--- STORED DATA Enclosed Below ---

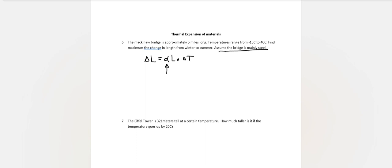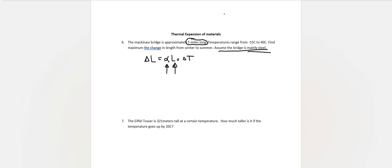Assume the bridge is mainly steel. So look up the coefficient of linear expansion for steel. And honestly, it's just a matter of putting these values in. Now, you want to use the units that are most appropriate. Technically you can put the five miles in here, but your change in length is going to be very small. I would suggest that you put the five miles in feet. There's 5,280 feet in one mile.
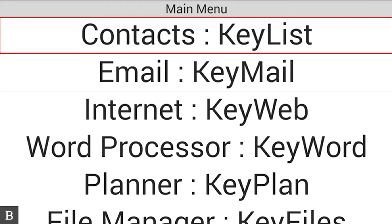Hi, and thanks for tuning into another BrailleNote Touch snapshot video. My name is Greg Stillson. I'm HumanWare's Product Manager of Blindness Products. In this video, we're going to walk through another exciting feature of the BrailleNote Touch — because it is a certified Google device, we have access to the Google Play Store.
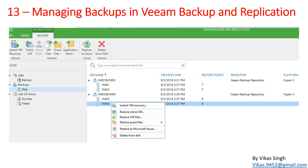Hi friends, welcome to my channel. This is Veeam advanced training and in this video I'm going to show you managing backups in Veeam Backup and Replication. When we take a backup in Veeam, we need to make sure the backup is valid, and sometimes we need to do cleanup, verify the backup, check the backup size, and see how much data it's taking in our disk or repository.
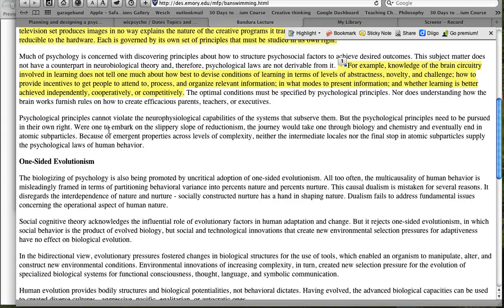I love this line here: 'Were one to embark on the slippery slope of reductionism, the journey would take one through biology, chemistry, and eventually in the end subatomic particles.' Reductionism just means that you take everything about human beings and make it reducible to biology — for example, you would make love explainable or reducible to neurochemical reactions in your brain. So I want to highlight that sentence.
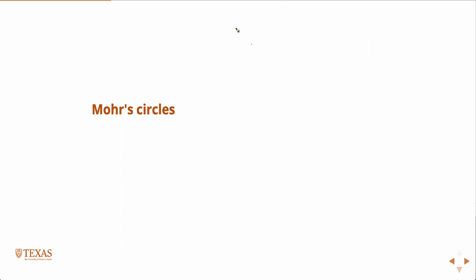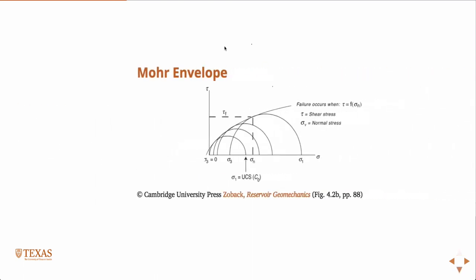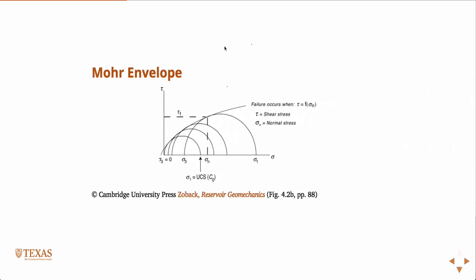We derived the equations for the normal and shear stress geometrically, but you can also show it like this, which relates to sigma 1 and incorporates that angle beta, but I prefer just to use them geometrically.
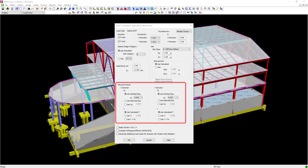As you can see, when we generated our static seismic loads, we asked the program to go ahead and calculate the period of the structure for us.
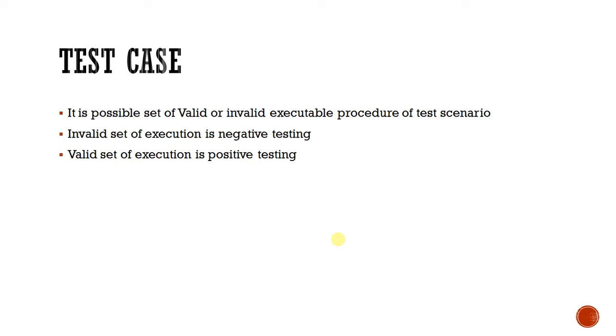So here we have two types of testing. One is negative testing and other is positive testing. If we give valid data or valid steps, then it is known as positive testing, like user entering correct username and correct password and he is able to login into the application. Next one is if we give invalid data, that is known as negative testing.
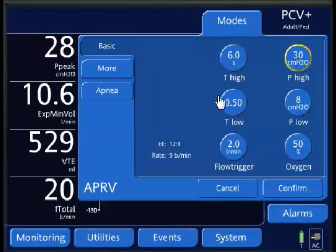That's how you would set your P-high, or target a P-high, based on measurements from your traditional mode of mechanical ventilation.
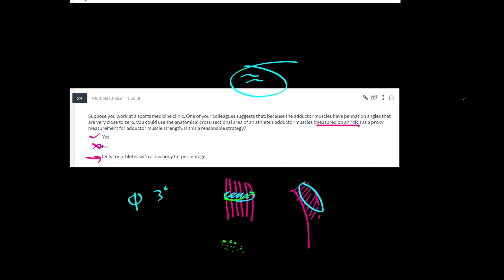So these were the questions on muscle force and PCSA that people seem to struggle with. And there's one more category that I want to talk about in another video, which is the moment arm questions.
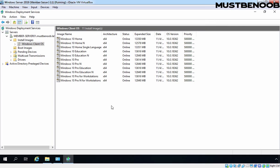At this point, we have one boot image and install image of Windows 10 operating system. Now, we can deploy Windows 10 operating system using this WDS server.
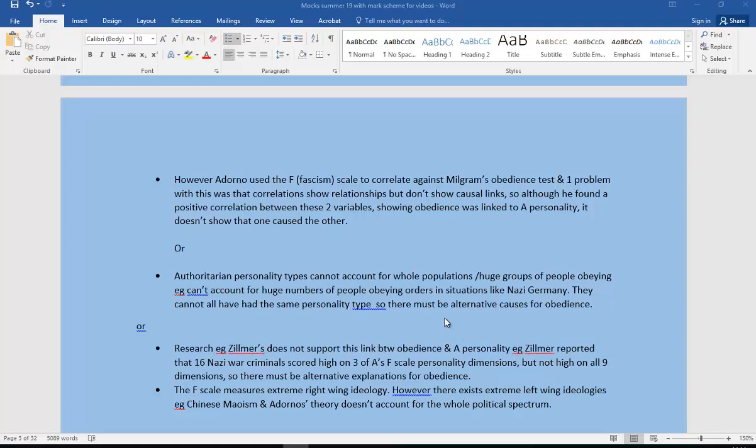Or you could use research. For example, Zilma's research does not support this link between obedience and authoritarian personality. Zilma reported that 16 of the Nazi war criminals scored high on three of Adorno's F-scale personality dimensions, but not high on all nine of those personality dimensions. So again, there must be an alternative explanation for that obedience.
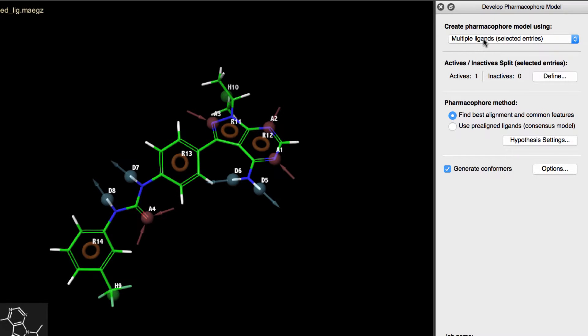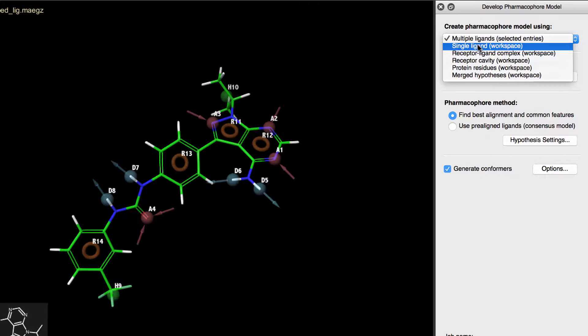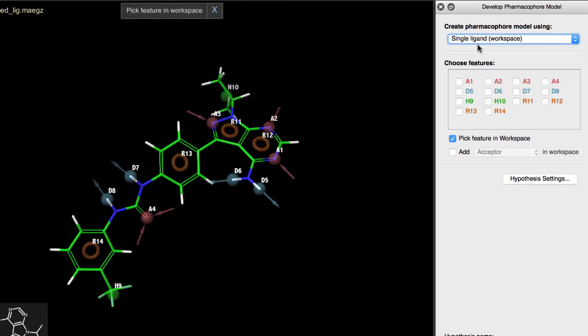Next, with our ligand in the workspace, we'll change Create Pharmacophore Model Using to Single Ligand Workspace, and notice that the panel has now adapted to the single ligand workflow.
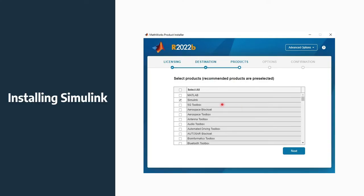To install Simulink, assuming you've already installed MATLAB, go to the MathWorks website and use their Installer. At a certain stage, the installer will ask whether you want to install MATLAB only, or MATLAB and Simulink. There are also many other toolboxes available — 5G toolbox, airspace block set, antenna toolbox, audio toolbox, automated driving toolbox, Autosar block set — which is a branch from automated driving and control design.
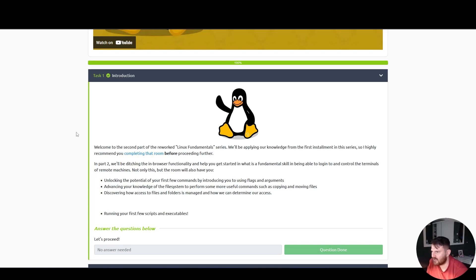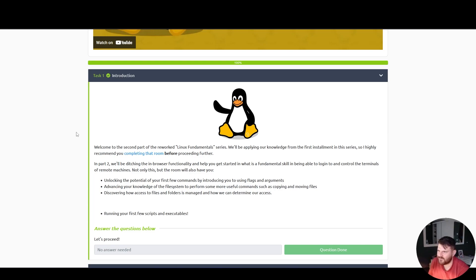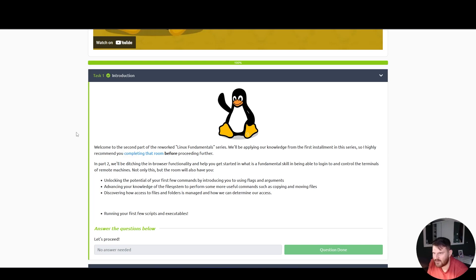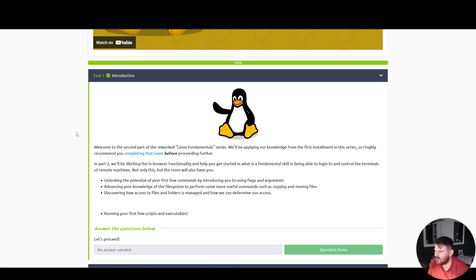Welcome to the second part of the reworked Linux Fundamentals series. We'll be applying our knowledge from the first installment in this series, so I highly recommend completing that room before proceeding further.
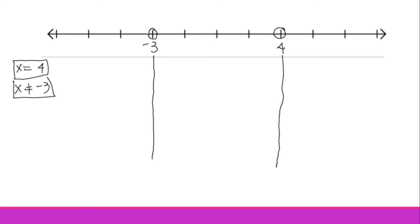Right after plotting, we divide the number line into different regions: Region 1, Region 2, and Region 3.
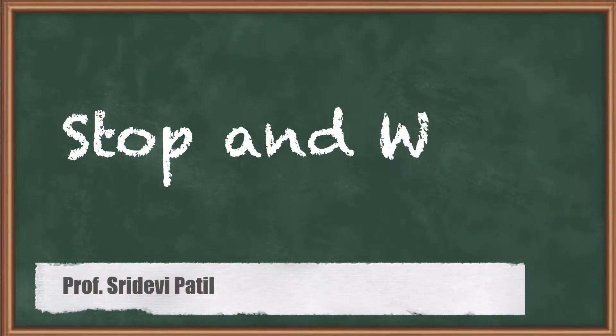Dear friends, today we are going to study stop and wait protocol in data link layer.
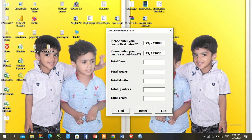Hey guys, welcome back to our YouTube channel. Today we created a Date Differentiate Calculator in Excel with the help of VBA coding. If you are new here, kindly like the video, subscribe to the channel, and give us your valuable feedback in the comment section. So let's start today's tutorial.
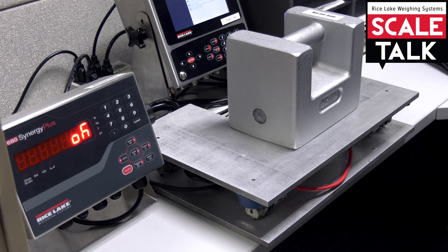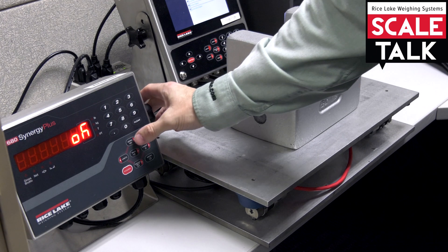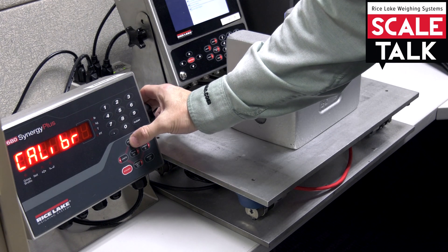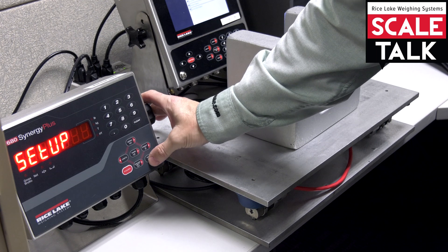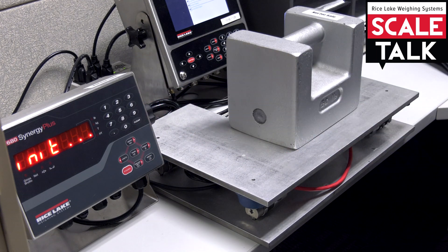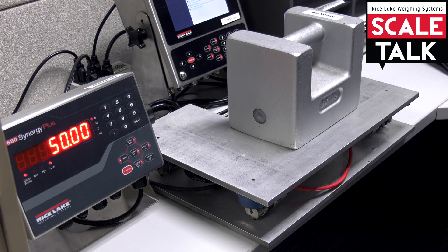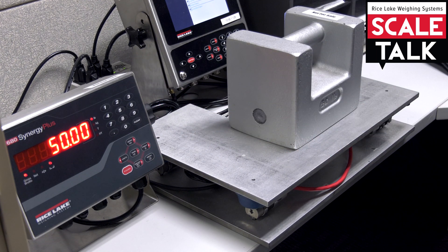And when it's all done and gives me that message, I'm going to go ahead and I'm going to exit. And we see that we have a calibrated scale.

--- End of Enclosed STORED DATA ---

WHAT THE TASK REQUIRES: Pictures excluded, reproduce only the part above that opens with the line holding "So these were" and closes with the line holding "At this point, we", exactly as written.

RESPONSE BOX:
So these were the questions on muscle force and PCSA that people seem to struggle with. And there's one more category that I want to talk about in another video, which is the moment arm questions.
At this point, we have one boot image and install image of Windows 10 operating system. Now, we can deploy Windows 10 operating system using this WDS server.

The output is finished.